Find the length of the longest substring with all unique characters. Gusto asks this as a sliding-window archetype — they want to see a clean window-shrink step that jumps the left pointer past the duplicate, not just nudges it one step.

By Alex Chen, Founder, InterviewChamp.AI · Last verified

Source citations

Public interview reports confirming this problem appears in Gusto loops.

  • Glassdoor (2026-Q1)Frequently cited in Gusto phone-screen and onsite reports as the canonical sliding-window medium.
  • Blind (2025-11)Gusto SWE threads list this as a high-frequency problem with follow-ups on ASCII vs Unicode character sets.

Problem

Given a string s, find the length of the longest substring without repeating characters.

Constraints

  • 0 <= s.length <= 5 * 10^4
  • s consists of English letters, digits, symbols and spaces.

Examples

Example 1

Input
s = "abcabcbb"
Output
3

Explanation: The substring 'abc' has length 3.

Example 2

Input
s = "bbbbb"
Output
1

Explanation: All characters are the same; longest unique window is any single 'b'.

Example 3

Input
s = "pwwkew"
Output
3

Explanation: The substring 'wke' has length 3.

Approaches

1. Sliding window with last-seen index map

Expand the right pointer character by character. If the character was seen within the current window, jump left to one past its previous position. Track maximum window size.

Time
O(n)
Space
O(min(n, charset))
function lengthOfLongestSubstring(s) {
  const lastSeen = new Map(); // char -> last index seen
  let maxLen = 0;
  let left = 0;
  for (let right = 0; right < s.length; right++) {
    const ch = s[right];
    // if seen and within the current window, jump left past it
    if (lastSeen.has(ch) && lastSeen.get(ch) >= left) {
      left = lastSeen.get(ch) + 1;
    }
    lastSeen.set(ch, right);
    maxLen = Math.max(maxLen, right - left + 1);
  }
  return maxLen;
}

Tradeoff: Single pass, O(n) time. The last-seen index approach allows the left pointer to jump directly rather than step one at a time, which is more efficient in practice.

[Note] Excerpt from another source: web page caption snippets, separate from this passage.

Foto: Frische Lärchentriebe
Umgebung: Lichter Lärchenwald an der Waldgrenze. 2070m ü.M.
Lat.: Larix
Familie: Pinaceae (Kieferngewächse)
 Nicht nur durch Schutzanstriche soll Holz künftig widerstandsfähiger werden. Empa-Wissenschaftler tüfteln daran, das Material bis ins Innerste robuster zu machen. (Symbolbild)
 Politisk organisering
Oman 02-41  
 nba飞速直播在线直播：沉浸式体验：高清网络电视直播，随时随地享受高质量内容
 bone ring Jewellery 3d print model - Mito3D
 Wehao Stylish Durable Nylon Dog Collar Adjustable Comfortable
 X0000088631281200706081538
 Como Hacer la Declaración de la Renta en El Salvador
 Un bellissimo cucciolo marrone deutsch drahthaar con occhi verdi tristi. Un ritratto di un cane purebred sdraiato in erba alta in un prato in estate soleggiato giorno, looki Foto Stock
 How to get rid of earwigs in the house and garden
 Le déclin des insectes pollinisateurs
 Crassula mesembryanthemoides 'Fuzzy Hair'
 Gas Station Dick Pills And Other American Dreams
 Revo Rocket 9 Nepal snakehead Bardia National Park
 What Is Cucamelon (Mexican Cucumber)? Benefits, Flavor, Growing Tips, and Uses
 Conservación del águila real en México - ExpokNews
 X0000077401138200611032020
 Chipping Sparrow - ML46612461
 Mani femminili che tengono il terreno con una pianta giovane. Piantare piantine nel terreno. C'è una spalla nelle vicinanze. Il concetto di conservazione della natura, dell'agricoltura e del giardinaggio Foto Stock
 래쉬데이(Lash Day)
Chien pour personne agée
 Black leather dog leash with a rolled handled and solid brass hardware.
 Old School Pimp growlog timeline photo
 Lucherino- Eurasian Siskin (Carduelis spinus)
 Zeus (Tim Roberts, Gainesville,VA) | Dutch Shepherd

2. Sliding window with a Set

Maintain a Set of characters in the current window. Shrink from the left until the repeated character is removed before expanding.

Time
O(n)
Space
O(min(n, charset))
function lengthOfLongestSubstring(s) {
  const windowChars = new Set();
  let maxLen = 0;
  let left = 0;
  for (let right = 0; right < s.length; right++) {
    while (windowChars.has(s[right])) {
      windowChars.delete(s[left]);
      left++;
    }
    windowChars.add(s[right]);
    maxLen = Math.max(maxLen, right - left + 1);
  }
  return maxLen;
}

Tradeoff: Conceptually simpler but the inner while loop means left advances one step at a time — O(n) total but with more iterations than the index-jump approach. Good starting point to explain the concept before optimising.

Gusto-specific tips

Gusto interviewers ask follow-up questions mid-solve — 'what if the character set were only lowercase letters?' (use a 26-element array), 'what about Unicode?' (Map remains correct). The key insight to articulate: when a duplicate is found, the left pointer must jump to max(left, lastSeen[ch] + 1) — the max prevents left from moving backward if the duplicate is outside the window.

Common mistakes

  • Moving left backward — left must only move forward; always take max(left, lastSeen[ch] + 1).
  • Not updating lastSeen after moving left — you must always update the map even when left jumps.
  • Forgetting the empty string case — the loop doesn't execute, maxLen stays 0, which is correct.
  • Using a Set and decrementing right instead of advancing left when a duplicate is found.

Follow-up questions

An interviewer at Gusto may pivot to one of these next:

  • Longest Substring with At Most Two Distinct Characters (LC 159).
  • Longest Substring with At Most K Distinct Characters (LC 340).
  • How would your solution change if the input were a stream of characters rather than a string?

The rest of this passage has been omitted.